Multiple families workflow

marcus · November 17, 2016, 1:55pm

Complex is easy, simple is hard.

When it comes to introducing new functionality, especially one that is inherently more complex, I try and look towards the benefits of keeping it simple.

Less of a learning curve
Easier to understand other peoples code
Easier to maintain

And then think about whether the advantages of the new functionality outweighs these.

In this case, the ability to define custom matching algorithms, albeit cool and logical the way you’ve proposed it, does it add more value than cost?

At one extreme, I see a future where every plug-in defines a corresponding matching algorithm. At that point, to even begin to understand a series of plug-ins - especially those mixed and matched from elsewhere - would see an increase in the time required to understand it.

On the other extreme, where there is only one matching algorithm, you need to get creative with the little you’ve got in order to achieve complex behaviour.

Having said that, it’s also possible that families as it exists today is a subset of what this does. That defining your own matching algorithm could be the de facto method of associating plug-ins to instances and that it makes for both more flexibility and simplicity.

Let’s explore it.

First off, I’m interested in what you mentioned @tokejepsen about your requirement in pyblish-ftrack and what hoops you jump to currently in order to achieve the necessary effect.

tokejepsen · November 17, 2016, 2:24pm

The main problem was originally that we couldn’t process all instances, because they wouldn’t all have the same family name. This was back when you could only associate a single family with an instance. So we decided to process all instances, but just return early when a certain data member was missing.

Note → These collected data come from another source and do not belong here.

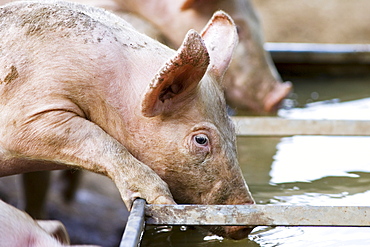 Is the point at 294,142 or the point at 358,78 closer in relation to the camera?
the point at 294,142

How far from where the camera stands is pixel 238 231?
8.69 ft

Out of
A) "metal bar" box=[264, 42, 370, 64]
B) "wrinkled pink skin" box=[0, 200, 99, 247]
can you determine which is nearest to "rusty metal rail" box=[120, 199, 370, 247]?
"wrinkled pink skin" box=[0, 200, 99, 247]

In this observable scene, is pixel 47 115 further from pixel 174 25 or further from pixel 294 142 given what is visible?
pixel 174 25

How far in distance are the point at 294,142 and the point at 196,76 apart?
78.4 inches

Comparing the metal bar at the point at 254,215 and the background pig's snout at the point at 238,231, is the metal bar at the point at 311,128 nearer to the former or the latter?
the background pig's snout at the point at 238,231

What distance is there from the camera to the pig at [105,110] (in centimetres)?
261

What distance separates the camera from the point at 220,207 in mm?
2381

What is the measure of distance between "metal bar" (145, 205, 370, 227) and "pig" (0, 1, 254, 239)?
0.19m

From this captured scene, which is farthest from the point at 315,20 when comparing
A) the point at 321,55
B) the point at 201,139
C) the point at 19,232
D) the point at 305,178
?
the point at 19,232

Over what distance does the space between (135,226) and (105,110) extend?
2.35 ft

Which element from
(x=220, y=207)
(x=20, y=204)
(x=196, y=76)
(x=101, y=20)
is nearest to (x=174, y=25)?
(x=20, y=204)

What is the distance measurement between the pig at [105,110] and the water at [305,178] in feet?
0.52

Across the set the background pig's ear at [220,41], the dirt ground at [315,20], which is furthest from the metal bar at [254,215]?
the dirt ground at [315,20]

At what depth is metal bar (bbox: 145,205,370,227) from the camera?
235 centimetres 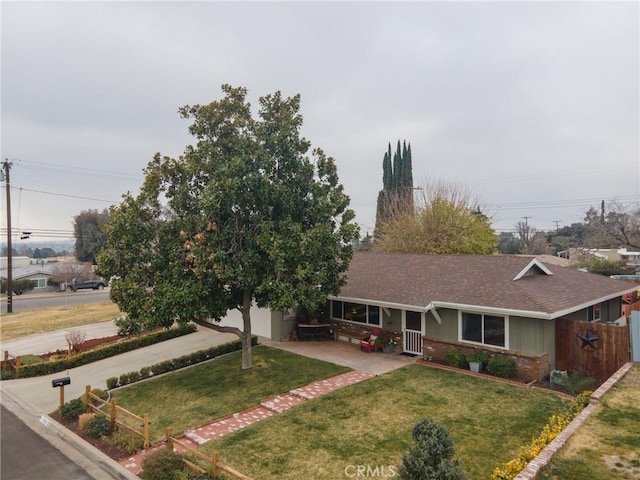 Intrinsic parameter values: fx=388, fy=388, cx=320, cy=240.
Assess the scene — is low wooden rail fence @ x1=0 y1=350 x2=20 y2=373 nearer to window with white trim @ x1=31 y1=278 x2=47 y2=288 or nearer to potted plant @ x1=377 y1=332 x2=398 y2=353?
potted plant @ x1=377 y1=332 x2=398 y2=353

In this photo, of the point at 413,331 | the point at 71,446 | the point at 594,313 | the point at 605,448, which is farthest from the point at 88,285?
the point at 605,448

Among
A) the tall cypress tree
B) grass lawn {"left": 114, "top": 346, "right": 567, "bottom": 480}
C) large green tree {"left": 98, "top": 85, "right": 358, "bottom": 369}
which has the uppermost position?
the tall cypress tree

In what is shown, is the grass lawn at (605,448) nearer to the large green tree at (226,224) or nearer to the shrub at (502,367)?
the shrub at (502,367)

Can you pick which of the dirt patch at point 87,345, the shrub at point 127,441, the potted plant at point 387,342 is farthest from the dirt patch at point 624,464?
the dirt patch at point 87,345

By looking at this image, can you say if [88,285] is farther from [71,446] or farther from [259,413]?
[259,413]

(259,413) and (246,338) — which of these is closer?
(259,413)

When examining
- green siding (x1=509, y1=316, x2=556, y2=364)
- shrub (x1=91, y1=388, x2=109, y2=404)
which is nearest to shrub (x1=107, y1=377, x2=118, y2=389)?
shrub (x1=91, y1=388, x2=109, y2=404)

These days with multiple families we could easily utilize a certain family name like ftrack to figure out which instances to process. The user could easily add another family to an instance. So there aren’t actually much of an argument for matching algorithms.
There are the edge case where some one is using the family ftrack for someting else. At this point having a matching algorithms that only processes the instances that have the correct data would be beneficial, but this case is highly unlikely to happen. Even the cross over of different plugins packages has yet to be an issue.

marcus · November 18, 2016, 10:22am

The above api.Intersection, api.Subset and api.Exact algorithms have now been merged and released as 1.4.3.

$ pip install pyblish-base

tokejepsen · November 22, 2016, 9:43am

Just tested this with a new plugin, and it works great

mattiaslagergren · November 22, 2016, 2:15pm

We just switched to using this feature in our tech preview. So now we’re collecting families like:

instance = context.create_instance(
   node.name(), families=['ftrack', 'camera']
)

And on the plugins:

families = ['ftrack', 'camera']
match = pyblish.api.Subset

Seems to work well - nice addition

marcus · November 24, 2016, 12:51pm

.match attribute added to API documentation.

tokejepsen · December 16, 2016, 8:26pm

I’ve noticed one workflow where a custom matching algorithm would be useful

If you collect some instances, and wanted to append some data to them with a different collector. The case is host specific instances, where you want to append data to instances cross host without code duplicate per host.
Once the instances are created, they have to be publishable to be proceed by other InstancePlugins. Here I’m using a ContextPlugin and manually filtering to the correct instances, to force processing all instances.

marcus · December 17, 2016, 9:10am

Would it be possible to post an example of this?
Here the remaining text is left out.